- The Washington Times - Friday, December 6, 2002

Some parents were furious yesterday with the District's decision to close schools at 8 a.m. after many students had sloshed through icy and snow-covered streets to reach their classrooms.

"I thought it was a cruddy call and very poor judgment on the part of Superintendent Paul Vance," said Charles Jones, whose children attend D.C. charter schools. "By 6 a.m., a decision should have been made. Imagine all the children on buses and subways."

District officials made the decision much later than their counterparts in neighboring school jurisdictions. Montgomery County closed schools Wednesday night while Prince George's County and Virginia administrators made the decision as early as 5 a.m. yesterday.

"I'm a little intrigued by why it takes D.C. public schools so long to let parents know schools will be closed," said parent Lillian Perdomo. "There are specific issues. Parents must get ready for work and should not be told at the last minute. When other school jurisdictions close, we need to close, especially considering many of our teachers do not live in the District."

Mrs. Perdomo and her husband agreed to keep their three children home yesterday before hearing the announcement.

Though she understood that officials wanted students in the schools where they could be safe and get a hot meal, Mrs. Perdomo said the District needs a plan for children who may have no place to go.

"I appreciate school officials want to keep the schools open," she said. "But if they are unsure, they should say: 'If you bring your children to school, you may have to come back and pick them up.'"

Mr.

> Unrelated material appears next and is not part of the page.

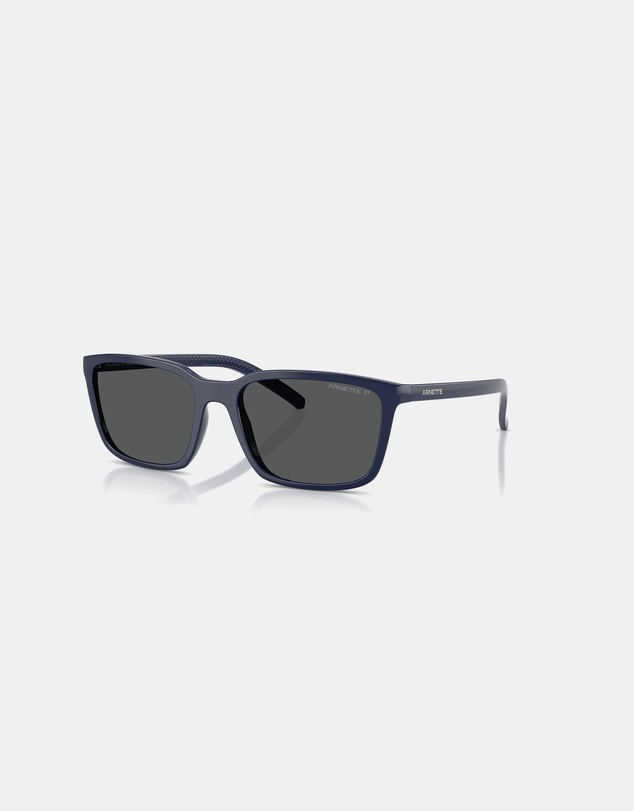 Arnette - 0AN4311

Vance acknowledged making the wrong decision, despite knowing the weather forecast called for up to 9 inches of snow.

Louis Erste, the chief operating officer for D.C. public schools, said parents would be alerted much earlier about today's closings.

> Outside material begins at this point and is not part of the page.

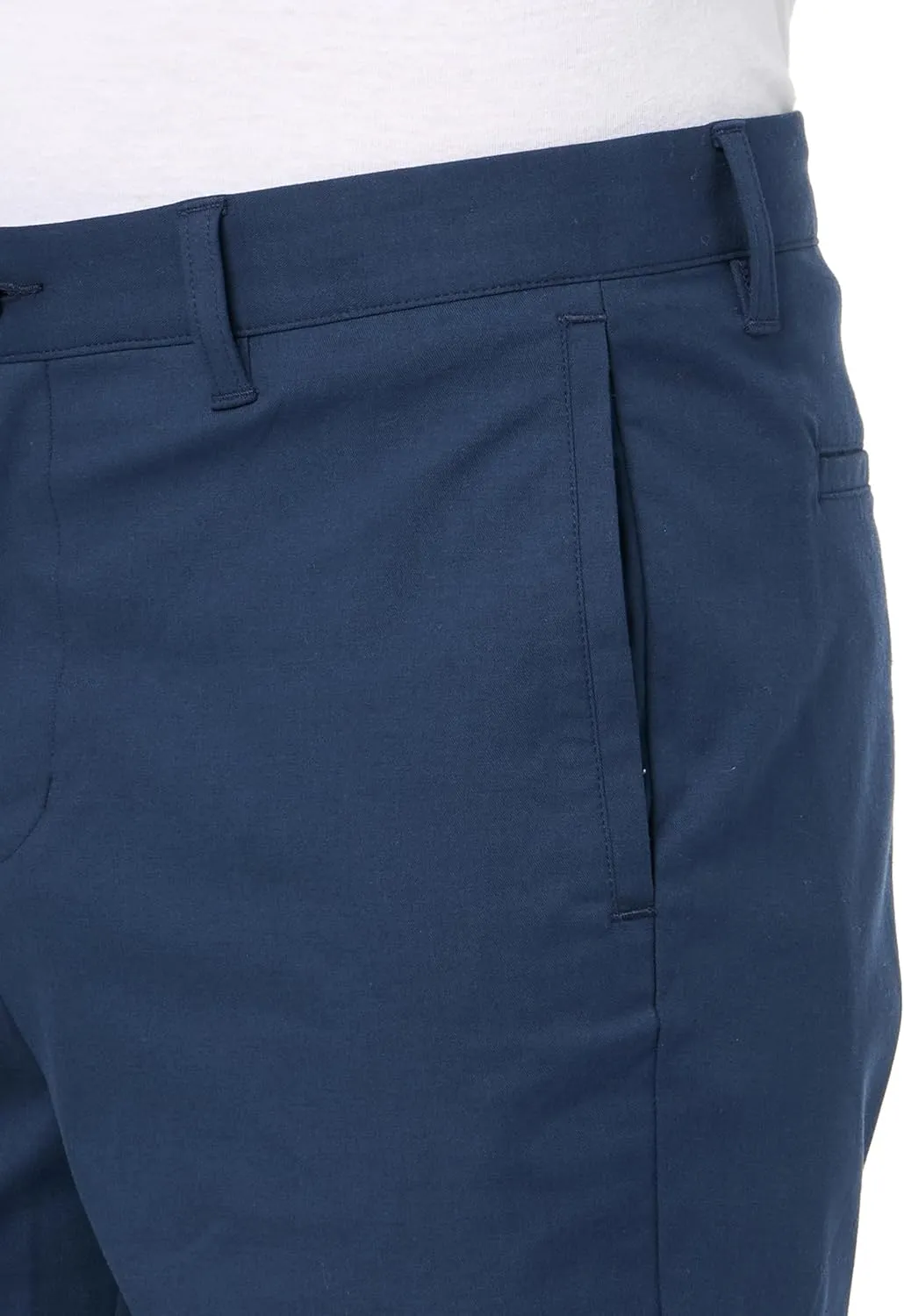 adidas Men's Go-to Five-Pocket Shorts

"Our primary goal is to provide a day of instruction for the students and, clearly, we want to wait as long as we can to cancel school," he said. "At 4 a.m., we considered all of the information, and it appeared that the streets were safe for students, parents and our faculty."

However, he said the snow began falling much faster by 7:30 a.m., and state police urged people to stay home.

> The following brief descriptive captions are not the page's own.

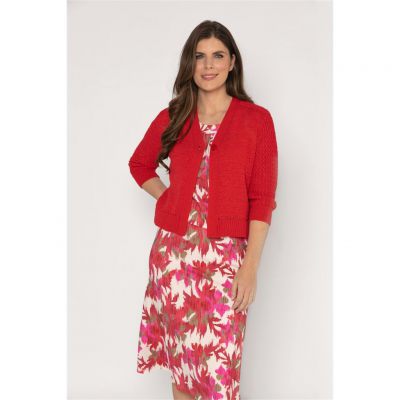 Roberto Sarto t-shirt  611128- 4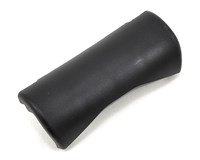 Parachoques delantero Team Losi Racing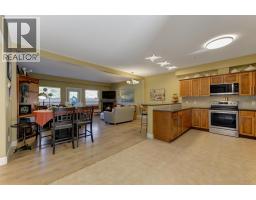 3996 Beach Avenue Unit# 236, Peachland, BC V0H1X1 Photo 9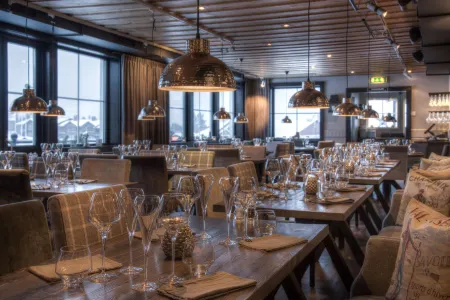 Hotel Bügelhof Отели в г. Малунг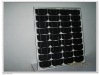 small solar panel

"And when schools close in the suburbs, children can go out and play in the parks," Mr. Erste said. "But in the city, it is not quite as conducive. The schools provide a safe haven for them."

Carlos Curtis said he kept his children home from Eastern Senior High School in Northeast and the New School for Enterprise and Development Public Charter School because D.C. officials sometimes lack good judgment.

"I'm not surprised by this situation," he said. "Mr. Vance is not organized, he should have closed the schools. This is all political. As long as Anthony Williams is in office, we're all in trouble."